Recently I met two bird farmers with recurring amplifier failures. Tweeters connection are parallel in both cases - one with just 15 tweeters a channel.
It is common knowledge load impedance (Z, as in fig. below) to the amplifier drops rapidly towards a short circuit with parallel connections:
e.g. (ignoring wiring resistances)
A 10 tweeters in parallel reduce its load impedance to 10%;
20 tweeters in parallel reduce load impedance to 5%;
50 tweeters in parallel reduce load impedance to 2%!
What happens?
The amplifier has its output impedance (Zout) too. So together with the load impedance, the combined behavior is like a voltage divider.
What then?
If Z is high relatively to Zout, things are pretty normal. But when the external load impedance, Z, is at the same level as Zout, sound level is halved: i.e. only half power is delivered to the load, other 1/2 power dissipates within the amplifier as heat! We then tend turn up volume higher close to its limits.

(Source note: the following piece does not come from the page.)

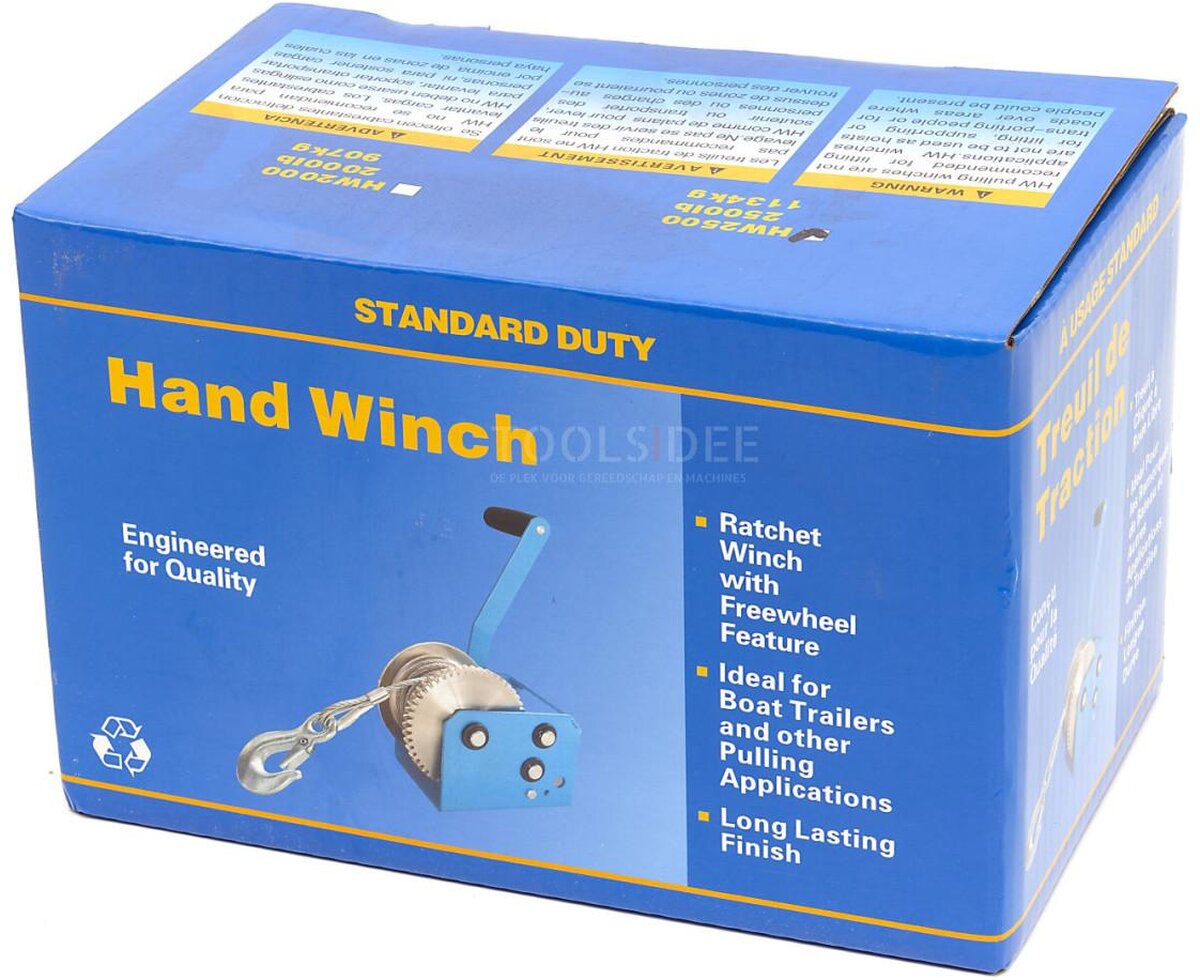 HBM 1130 kg. Profesjonell mekanisk vinsj med 7,6 meter stålkabel HBM 1130 kg. Profesjonell mekanisk vinsj med 7,6 meter stålkabel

So the amplifier heats up even more until thermal runaway occurs leading to amplifier failure.
What are the solutions?
1) Employ series-parallel connection can improve the situation a little and hence not favored. Connecting adjacent tweeters in series doubles the load value - but still limited by the overall parallel connection. Besides when one tweeter fails the other in series will not work too, then extra effort to trouble shoot.
2) The proper solution is to choose an amplifier with lower output impedance. This is the reason I chose amplifiers with 100W r.m.s. per channel. I have 40-50 tweeters to a channel. Once I turned up volume close to max. during endurance tests, the amplifiers did heated up and failed too after 2 days!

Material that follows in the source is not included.